I know you keep saying that you don't want them to be banned but I think you really do. Once again they offer advice just not the advice you want them to offer. They discuss abortion and I'm sure they tell them some facts as well as what could happen and I'm sure they don't do it in a very cherry light like you would want them to but they still advise. Their main objective is to save lives and offer alternatives to abortion. Is this so wrong? If the woman wants to have an abortion then all she has to do is end the discussion and walk out. They aren't going to tie her to a chair and shine a light in her eyes now are they? You seem to think they do. They talk and offer advice on abortion or not having an abortion. Please tell me what is wrong with that.

Does Planned Parenthood ever tell someone not to have an abortion? I don't think they do. I remember that abortions were supposed to be for the health of the mother but it has turned into the whole sale slaughter of those not able to protect themselves. Today abortion is used much like the condom it is nothing short of birth control. Don't want to be pregnant then have an abortion. It has nothing to do with the health of the mother unless you consider pregnancy to be a health hazard. Sure women put on weight during pregnancy but does it really hurt them?
0 Replies
 
Walter Hinteler
 
  1  
Reply Wed 7 Jun, 2006 06:31 am
Some responses here reminds me of the Nuremberg trials:
trial number 8, the RuSHA or Greifelt Case, held from October 10, 1947 to March 10, 1948. The tribunals condemned Nazi use of abortion as a war
crime and crime against humanity.
(In its summation of the RuSHA Case theprosecution had even strongly implied that two Nazi laws of the 1930s legalizing the practice, and a Weimar law of the 1920s liberalizing the practice, should not have been passed.
[The Tribunal stated: "The acts and conduct as substantially charged in
the indictment [encouraging and compelling abortions] constitute crimes
against humanity ... and ... war crimes." (See Trials of War Criminals
before the Nürnberg Military Tribunals, October, 1946-April, 1949, vols. IVV.)]

It seems, the attitude of some hasn't changed within the 60 years since those days.
0 Replies
 
BernardR
 
  1  
Reply Wed 7 Jun, 2006 11:02 am
Mr. Walter Hinteler( Thank you. Mr. Hinteler) provides a fine bit of information that one must view when discussing Abortion.

Note:

I. The Case Against Abortion / I. Historical / 1. Crimes Against Humanity


History teaches us nothing if it doesn't teach us that human beings have a great capacity for abusing other human beings.

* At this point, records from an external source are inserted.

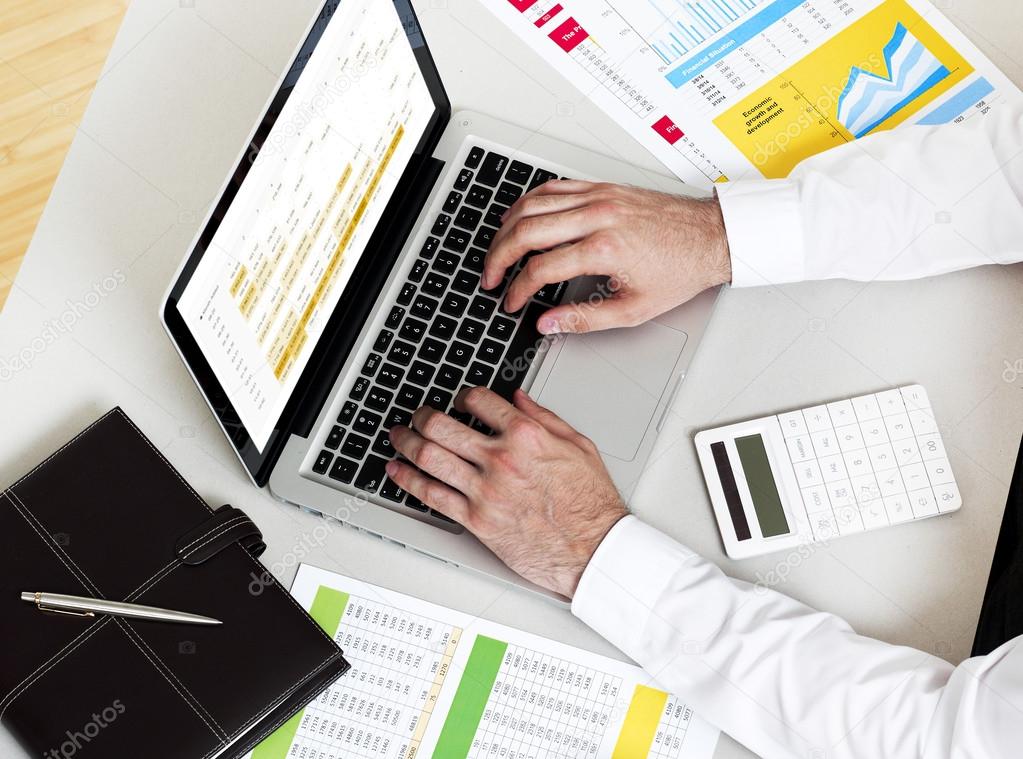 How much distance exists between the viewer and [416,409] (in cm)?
94

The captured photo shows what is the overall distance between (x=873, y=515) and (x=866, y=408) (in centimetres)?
11

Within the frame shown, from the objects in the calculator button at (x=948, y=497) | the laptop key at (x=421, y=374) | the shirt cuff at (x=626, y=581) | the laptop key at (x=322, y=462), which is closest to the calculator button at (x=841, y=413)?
the calculator button at (x=948, y=497)

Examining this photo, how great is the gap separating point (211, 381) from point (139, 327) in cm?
30

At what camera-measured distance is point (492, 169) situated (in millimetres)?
1052

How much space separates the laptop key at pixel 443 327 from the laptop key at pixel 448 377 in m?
0.04

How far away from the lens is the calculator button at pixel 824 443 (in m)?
0.92

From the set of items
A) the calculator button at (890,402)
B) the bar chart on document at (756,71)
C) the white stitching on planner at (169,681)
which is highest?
the bar chart on document at (756,71)

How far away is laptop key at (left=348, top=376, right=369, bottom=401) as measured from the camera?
37.3 inches

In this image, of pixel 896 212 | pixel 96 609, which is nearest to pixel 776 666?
pixel 896 212

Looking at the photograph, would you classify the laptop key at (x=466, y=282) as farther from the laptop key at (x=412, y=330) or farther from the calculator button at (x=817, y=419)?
the calculator button at (x=817, y=419)

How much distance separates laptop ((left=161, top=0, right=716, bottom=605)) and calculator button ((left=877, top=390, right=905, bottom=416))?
201 mm

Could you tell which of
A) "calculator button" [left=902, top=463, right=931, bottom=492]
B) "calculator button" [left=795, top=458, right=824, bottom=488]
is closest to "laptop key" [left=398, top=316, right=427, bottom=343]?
"calculator button" [left=795, top=458, right=824, bottom=488]

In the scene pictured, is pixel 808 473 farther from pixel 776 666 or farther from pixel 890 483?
pixel 776 666

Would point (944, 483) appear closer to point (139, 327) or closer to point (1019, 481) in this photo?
point (1019, 481) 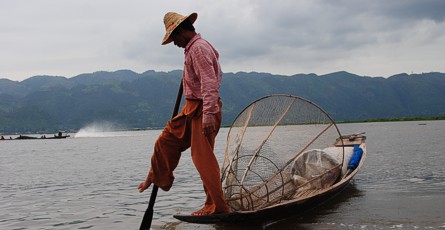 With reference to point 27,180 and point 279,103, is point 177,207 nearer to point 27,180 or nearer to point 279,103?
point 279,103

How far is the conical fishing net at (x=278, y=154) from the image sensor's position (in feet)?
20.3

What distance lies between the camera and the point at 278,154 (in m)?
7.29

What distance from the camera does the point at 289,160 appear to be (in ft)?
24.7

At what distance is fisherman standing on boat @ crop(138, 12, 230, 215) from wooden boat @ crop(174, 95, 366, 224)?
48 centimetres

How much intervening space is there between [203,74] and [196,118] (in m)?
0.55

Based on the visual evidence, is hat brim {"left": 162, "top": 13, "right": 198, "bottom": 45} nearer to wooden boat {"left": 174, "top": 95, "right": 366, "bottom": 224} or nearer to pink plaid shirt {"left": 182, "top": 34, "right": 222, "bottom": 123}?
pink plaid shirt {"left": 182, "top": 34, "right": 222, "bottom": 123}

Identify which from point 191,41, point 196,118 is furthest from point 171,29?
point 196,118

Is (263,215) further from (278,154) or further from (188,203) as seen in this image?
(188,203)

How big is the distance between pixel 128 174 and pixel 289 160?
7662mm

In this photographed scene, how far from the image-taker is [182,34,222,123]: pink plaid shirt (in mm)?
4809

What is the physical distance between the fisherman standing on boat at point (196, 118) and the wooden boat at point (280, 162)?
48 centimetres

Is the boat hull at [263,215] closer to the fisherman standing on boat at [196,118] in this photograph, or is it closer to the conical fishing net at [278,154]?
the fisherman standing on boat at [196,118]

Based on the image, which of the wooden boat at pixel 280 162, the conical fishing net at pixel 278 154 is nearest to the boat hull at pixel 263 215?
the wooden boat at pixel 280 162

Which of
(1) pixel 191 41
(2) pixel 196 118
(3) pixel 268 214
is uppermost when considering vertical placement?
(1) pixel 191 41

When this abuse is severe enough, and moves beyond the mistreatment of a few individuals, we call it a crime against humanity. Crimes against humanity generally refer to any large-scale atrocity committed against a group of innocent human beings. They are not crimes of passion, they are crimes of precision. They are not the result of accidental, momentary impulses, they are thought out and rationalized. The scale of such crimes cannot be carried out by individuals. They require the cooperation and consent of many, many people, and this is exactly what history shows us. The most notorious example, of course, is the Jewish Holocaust, in which six million European Jews were executed for their racial heritage.
In 1943, Raphael Lemkin, a Polish-Jewish lawyer, coined the term "genocide" in an effort to more specifically describe this Nazi attempt to annihilate whole people groups. The word "genocide" combines the Greek word for race (geno) with the Latin word for killing (cide). The Nuremberg trials, which concluded in 1946, used the term "genocide" in their indictment against top Nazi officials who were there convicted for "crimes against humanity". In 1948, the United Nations officially made genocide an international crime at the Convention on the Prevention and Punishment of the Crime of Genocide. The Convention defined genocide as any of a series of acts designed to "destroy, in whole or in part, a national, ethnical, racial or religious group." The acts listed include among others, causing serious bodily or mental harm to members of the group, imposing measures intended to prevent births within the group or forcibly transferring children out of the group.

Since then, the term "genocide" has been applied to many other historic and contemporary crimes against humanity. In some instances, such as Pol Pot's Cambodian genocide, the victims have been targeted for non-racial reasons. This broadening definition of genocide is reflected in Webster's New World Encyclopedia:

gen·o·cide - n.

The deliberate and systematic destruction of a national, racial, religious, political, cultural, ethnic, or other group defined by the exterminators as undesirable.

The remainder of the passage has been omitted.